**Problem description**
The response should hold each line from the entries below where "young" is found.

--*--

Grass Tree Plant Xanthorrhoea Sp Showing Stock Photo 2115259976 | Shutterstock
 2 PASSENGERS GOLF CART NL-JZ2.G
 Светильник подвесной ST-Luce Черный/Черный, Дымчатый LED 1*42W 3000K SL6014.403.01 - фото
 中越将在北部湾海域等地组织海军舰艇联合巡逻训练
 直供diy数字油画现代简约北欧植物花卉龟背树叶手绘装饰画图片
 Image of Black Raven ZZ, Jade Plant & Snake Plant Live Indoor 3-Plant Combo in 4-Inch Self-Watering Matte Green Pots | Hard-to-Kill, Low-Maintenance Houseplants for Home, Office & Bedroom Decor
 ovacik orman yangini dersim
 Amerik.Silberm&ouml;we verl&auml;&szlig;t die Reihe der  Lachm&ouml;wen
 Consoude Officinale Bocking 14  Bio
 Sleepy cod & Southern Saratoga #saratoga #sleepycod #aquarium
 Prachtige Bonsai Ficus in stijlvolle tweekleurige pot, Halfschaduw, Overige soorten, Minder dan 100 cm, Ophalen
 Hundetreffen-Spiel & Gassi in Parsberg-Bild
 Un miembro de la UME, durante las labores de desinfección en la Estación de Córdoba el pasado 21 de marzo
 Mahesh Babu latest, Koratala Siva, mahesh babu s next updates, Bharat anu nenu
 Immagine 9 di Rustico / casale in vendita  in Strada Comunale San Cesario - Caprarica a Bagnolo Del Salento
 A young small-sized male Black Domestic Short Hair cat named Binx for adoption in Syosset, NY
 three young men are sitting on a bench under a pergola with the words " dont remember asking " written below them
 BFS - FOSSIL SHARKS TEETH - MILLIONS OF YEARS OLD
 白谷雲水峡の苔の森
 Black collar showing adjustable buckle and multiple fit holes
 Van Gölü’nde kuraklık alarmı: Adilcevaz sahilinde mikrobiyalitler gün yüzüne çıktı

--*--

**Task result**
 A young small-sized male Black Domestic Short Hair cat named Binx for adoption in Syosset, NY
 three young men are sitting on a bench under a pergola with the words " dont remember asking " written below them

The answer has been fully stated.